Around two-thirds of global cobalt production comes from within the African country, and roughly one-fifth of this is sourced via artisanal or small-scale mining (ASM) operations. Meanwhile, global interest in the metal – a key component of electric vehicle (EV) batteries – is growing stronger.
Launched today (24 August), the FCA and its members, which include multinational miner Glencore, aim to positively transform small-sale mining in the DRC, which has been blighted by human rights issues, and work towards eliminating child and forced labour, as well as other dangerous practices.
The group’s executive director Assheton Carter said the launch “marks a significant two-year milestone” in the alliance’s work in cobalt supply chains.
“From the outset, our team acknowledged that the everyday challenges facing the men and women mining cobalt are too big for any of one of us to address in isolation,” he added.
“This is a systemic problem requiring a systemic solution. Our joint action plan has grown into what is now the Fair Cobalt Alliance, an action platform for organisations along the supply chain to engage and play a role in the transition to a fair production system.”
Where will the Fair Cobalt Alliance operate?
Carter said the alliance will connect cobalt from ASM operations in DRC’s Lualaba Province to the supply chains of global electronics and automotive manufacturers.
Working with both the national and provincial governments of the DRC, as well as with civil society and technical partners, the FCA targets three main objectives: achieving a child-labour free Kolwezi region, supporting the professionalisation of ASM through the adoption of responsible mining practices, and identifying and supporting alternative livelihoods other than mining to help increase household incomes.
Two artisanal-mining sites – Kasulu and Kamilombe – in the south-east of the country, will be the first FCA projects, with an ambition to scale to more facilities over the next year.
Demand for cobalt is widely expected to increase as the clean energy transition prompts an increase in battery-led technology, and according to Carter a “fairer battery is the key to making this shift”.
But, with global cobalt supply “not projected to meet demand”, there is a risk that “informal ASM under poor working conditions” will increase to bridge the gap.
Artisanal and small-scale cobalt mining is already a source of direct employment for more than 100,000 people in the DRC.
“Given the relevance of ASM cobalt as a local livelihood, and the fact that this material finds its way into complex global supply chains and the materials and devices on which we depend, the security of cobalt supply chains is more important than ever,” Carter added.
“Where we find environmental, social or labour problems in supply chains, we should not avoid them, we should not disengage, but rather it is our duty to take action and make improvements.”
Cobalt is a huge issue for the DRC
Earlier this year, the Congolese government announced that it intends to take greater control over artisanally-mined cobalt within the country amid a market slump that has seen prices for the critical mineral fall in recent years.
Cobalt has dropped from highs of more than $90,000 per tonne in 2018 to current levels of about $33,000 per tonne.
Large, industrial-scale operators like Glencore account for the majority of cobalt mining in the DRC – but there is nevertheless a thriving group of small-scale artisanal miners producing between 10% and 25% of the Congolese output.

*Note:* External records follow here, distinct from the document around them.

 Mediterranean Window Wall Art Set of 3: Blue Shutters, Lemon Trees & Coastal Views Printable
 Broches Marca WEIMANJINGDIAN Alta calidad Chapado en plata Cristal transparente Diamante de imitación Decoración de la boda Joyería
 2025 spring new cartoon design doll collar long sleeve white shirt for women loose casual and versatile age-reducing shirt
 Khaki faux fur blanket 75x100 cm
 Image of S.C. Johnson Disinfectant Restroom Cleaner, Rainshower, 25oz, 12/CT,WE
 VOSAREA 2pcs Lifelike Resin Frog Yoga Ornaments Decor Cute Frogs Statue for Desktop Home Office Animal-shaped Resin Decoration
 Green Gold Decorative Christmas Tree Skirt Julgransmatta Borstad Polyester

This small-scale mining network is largely controlled by Chinese traders, which have established a virtual monopoly over the flow of cobalt within the country.
But Huayou Cobalt, China’s largest cobalt refiner, which supplies car manufacturers such as Volvo and Volkswagen, has joined the FCA as part of its commitment to improving mining conditions in the DRC.
Glencore has signed up too, saying it will “support legitimate ASM cooperatives in their endeavours to transform their practices and align with international human rights practices, especially in the prevention of child labour”.